We sat in silence, the only sound the ticking of an antique clock. Then, in the distance, I heard the sound of car horns — faintly at first, then louder and louder, so numerous they blended together into one cacophonous clamor. A moment later a jubilant procession — or was it a riot on wheels? — roared past the dentist’s house and up Main Street toward the courthouse.
“What on earth is that?” I said. And then — with a sudden, sickening feeling — I knew what it was.
I felt like a football running back, fighting my way through a hundred defensive linemen, as I forced my way through the whooping crowd surrounding the courthouse. Thunder rumbled overhead, as if the storm gathering on the ground were mirrored in the purple-black sky.
Two deputies, both armed with pump shotguns, stood on the steps and blocked the entrance. “I have to see the sheriff,” I said.
“The sheriff’s busy,” said one.
“Interrogating a prisoner,” smirked the other.
“That’s why I need to see him,” I said. “I’m with the state medical examiner’s staff.” I pulled my ID badge from my wallet and held it out, but the deputies seemed uninterested. “I know who the dead woman is,” I went on. Now, for the first time, I had their attention. “I’ve just identified her.”
“What’s her name?” the first deputy asked.
“Take me to the sheriff,” I insisted. “That information’s for his ears only.”
It was a spur-of-the-moment fib, but it was effective.
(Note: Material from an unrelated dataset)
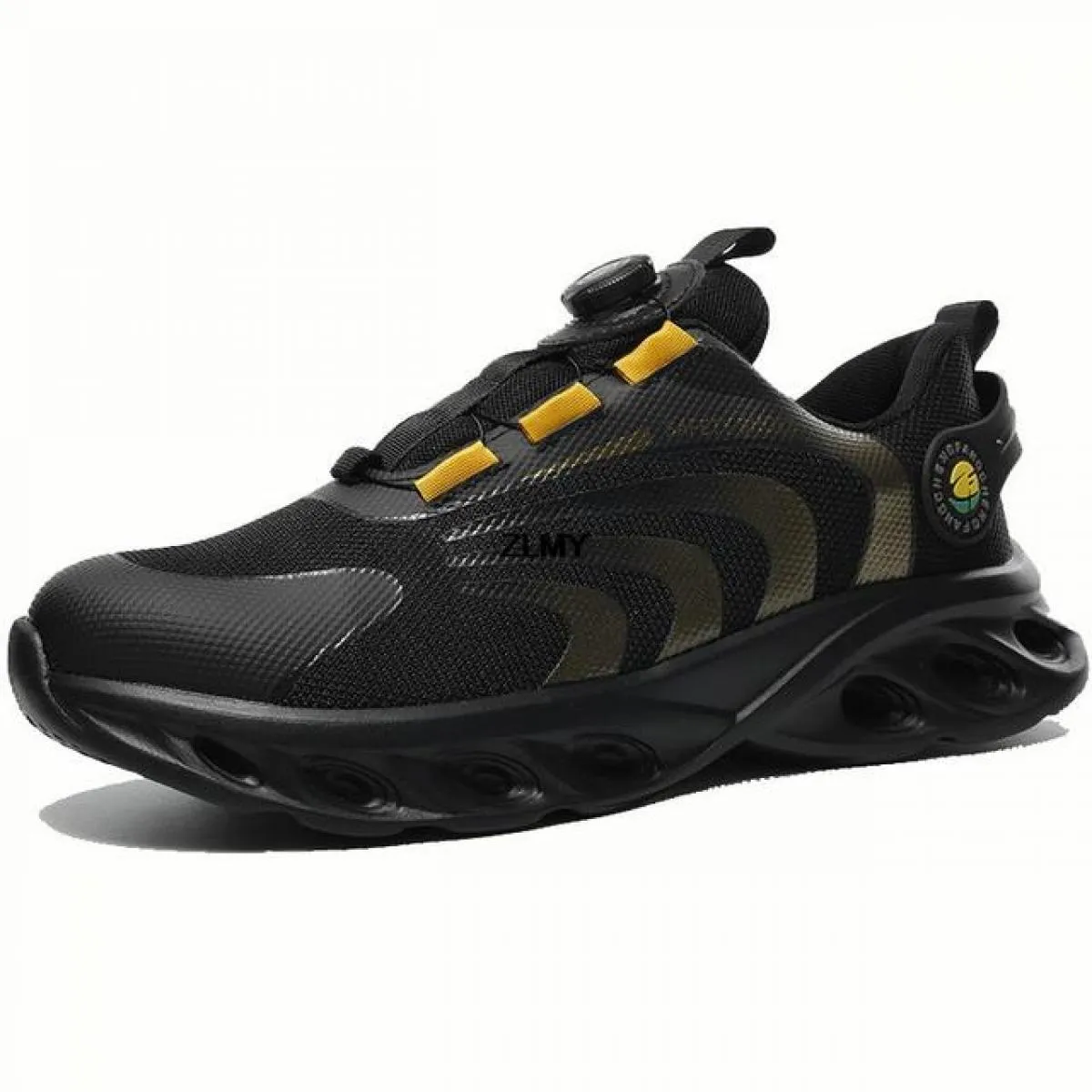 Moda Uomo Scarpe antinfortunistiche Puntale in acciaio Stivali da lavoro Uomo Sneaker antiforatura Uomo Leggero Fibbia rotatoria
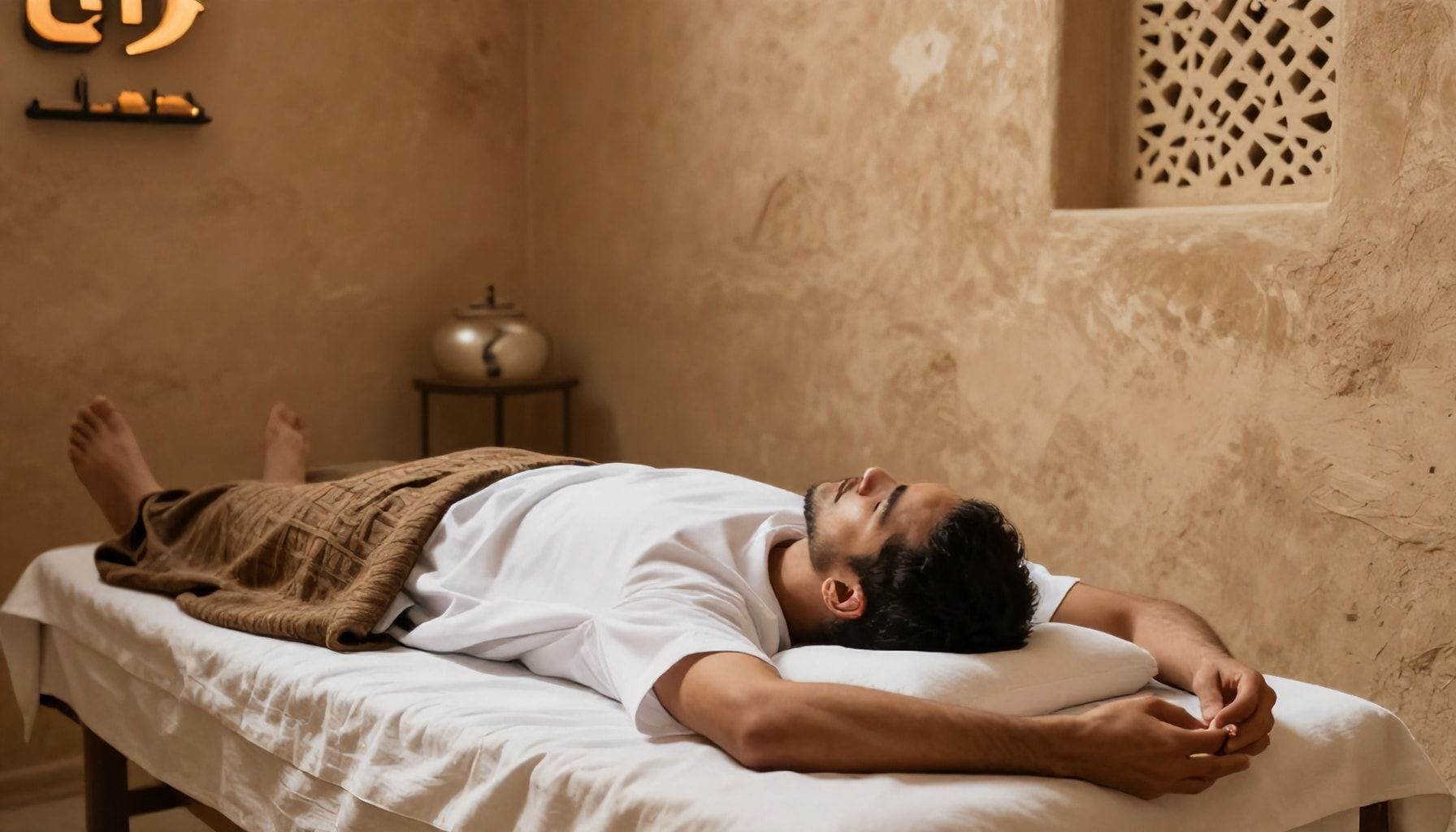 Entspannung auf arabisch: So wirkt der Hamam Sahara gegen Stress und Verspannungen*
The two deputies exchanged glances, and the first one — who seemed to outrank the second one — disappeared through the door. Several moments later the door opened and the deputy leaned out, beckoning me inside. He led me up to the third floor, into the jail, and down a row of cells. Deputy Jim Cotterell was standing at the end of the hall, just outside a cell door, his expression grim. As I approached, I heard a dull thud inside the cell, followed by a quick grunt and a slow groan.
“Sheriff? Here’s the bone doc,” said Cotterell. Peering through the bars into the cell’s dim interior, I saw the sheriff step away from a hunched figure — a black man, bent nearly double, who slowly straightened. Blood trickled from his lips and nose and from a laceration on his right cheekbone. The man’s left arm ended at the wrist — a broad, blunt stump — and his right wrist was encased in a filthy cast.
“I hear you got something to tell me.” Sheriff Dixon stepped from the cell, his face glistening and his eyes glittering, and walked toward the far end of the cells.
“Two things, actually,” I said. “The woman was named Denise Donnelly.” His eyes flickered, but he didn’t react as strongly as I’d suspected. “I gather she’s a prominent citizen?”